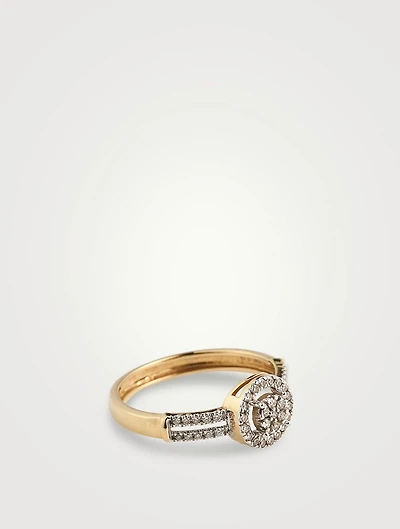 Gold Halo Band With Gems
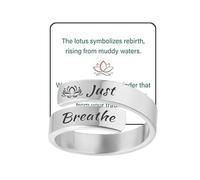 Just Breathe Lotus Ring, Adjustable Stainless Steel Hope Ring for Women/Girls, Inspirational Friendship Jewelry Gift (Silver)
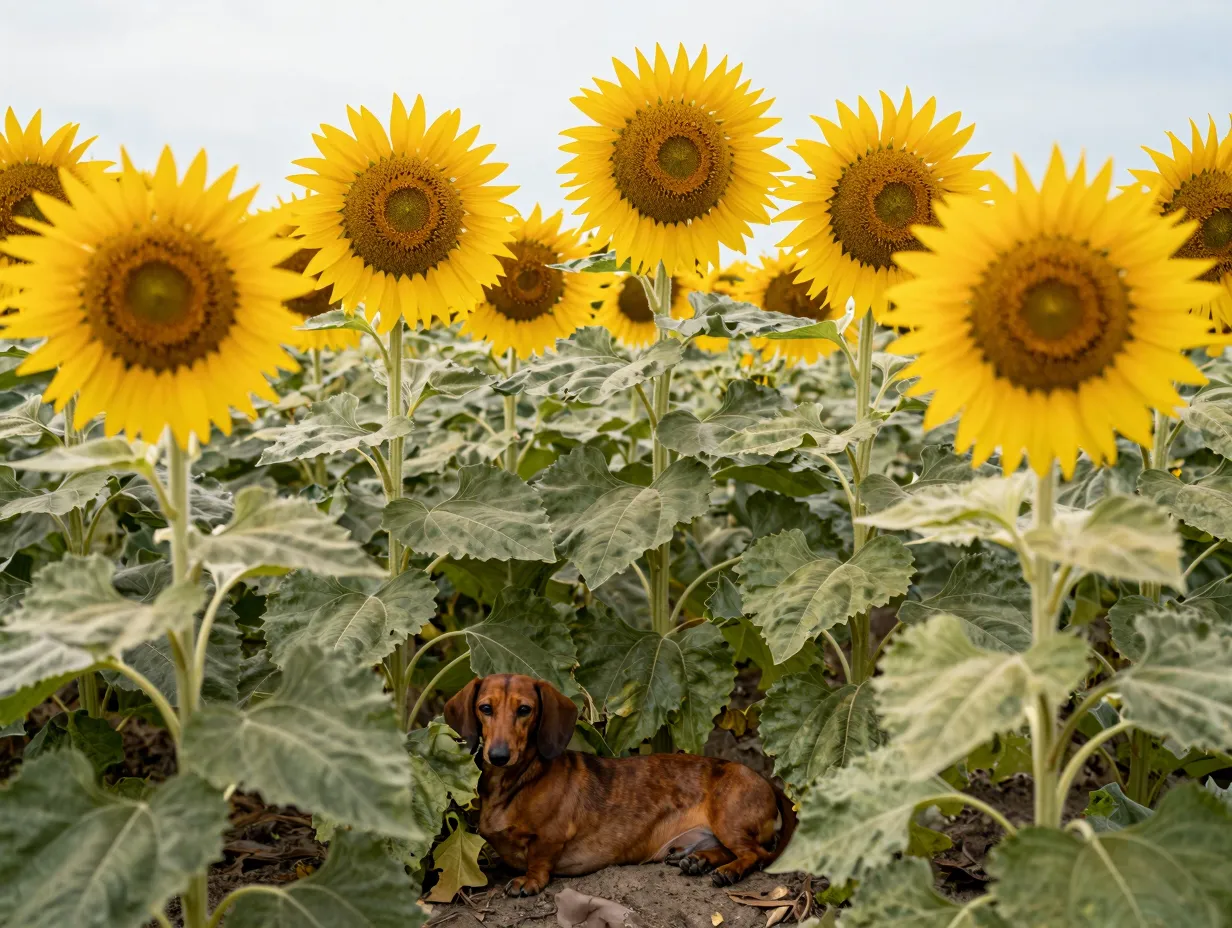Tiny dachshund nestled at the base of towering sunflowers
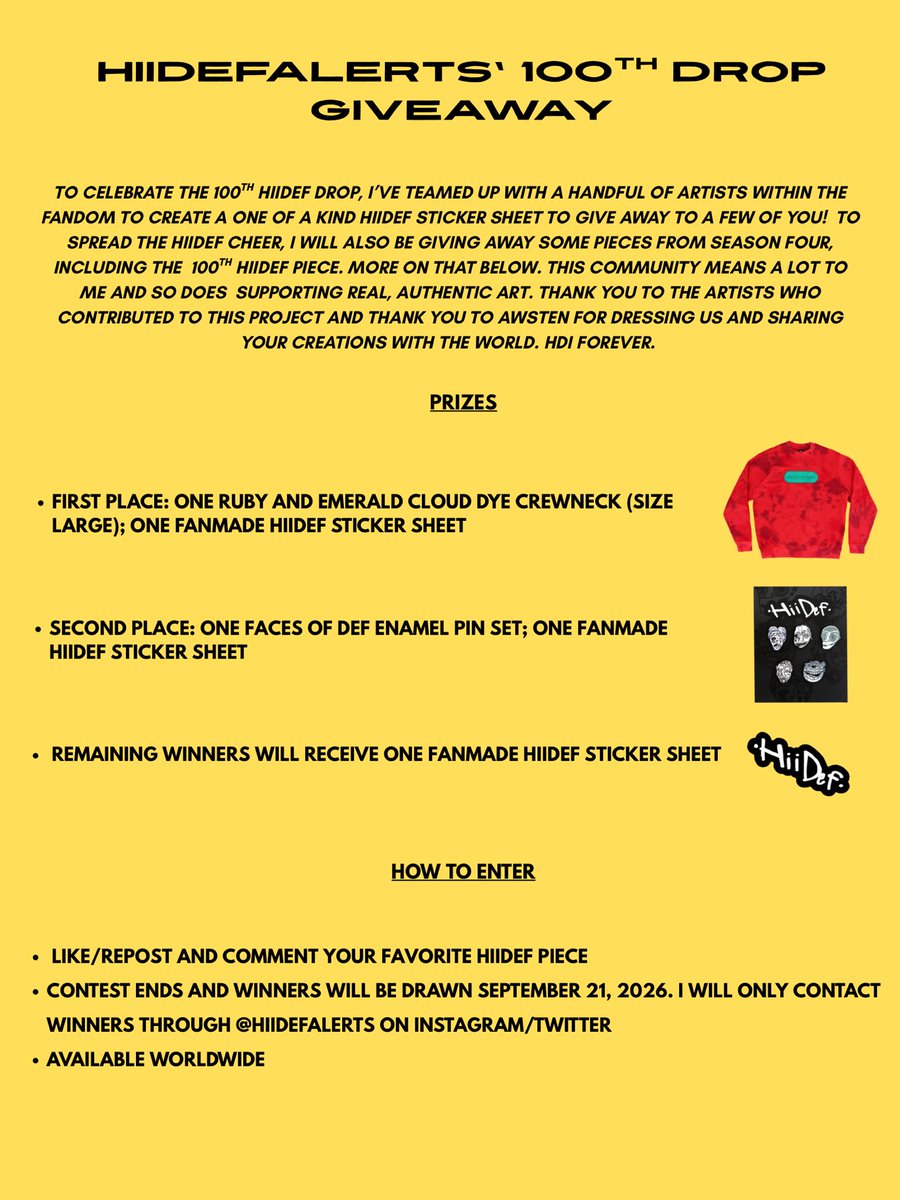 hiidefalerts's tweet photo. 100TH HIIDEF DROP GIVEAWAY! 

I’m celebrating this milestone by giving away fanmade sticker sheets as well as a few extras. Read for details. Huge thank you to @dead_doubt @HIIDEF_GEOFF @vhsparx @burberryhat and @cloudy0circus for their contributions to this project ♥️ https://t.co/GbsInFs0Pm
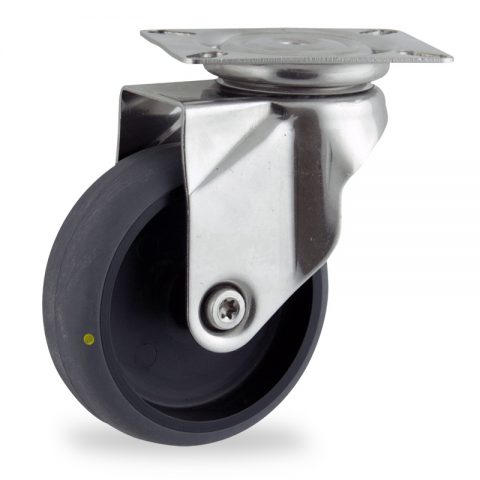 INOX Okretni točak,100mm za lagana kolica, sa točkom od elektroprovodna termoplastika siva guma kuglični ležajevimontaža sa gornja ploča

════════════════

*The problem*
Write out the entries again, word for word. No images.

*Task result*
 Gold Halo Band With Gems
 Just Breathe Lotus Ring, Adjustable Stainless Steel Hope Ring for Women/Girls, Inspirational Friendship Jewelry Gift (Silver)
Tiny dachshund nestled at the base of towering sunflowers
 hiidefalerts's tweet photo. 100TH HIIDEF DROP GIVEAWAY! 

I’m celebrating this milestone by giving away fanmade sticker sheets as well as a few extras. Read for details. Huge thank you to @dead_doubt @HIIDEF_GEOFF @vhsparx @burberryhat and @cloudy0circus for their contributions to this project ♥️ https://t.co/GbsInFs0Pm
 INOX Okretni točak,100mm za lagana kolica, sa točkom od elektroprovodna termoplastika siva guma kuglični ležajevimontaža sa gornja ploča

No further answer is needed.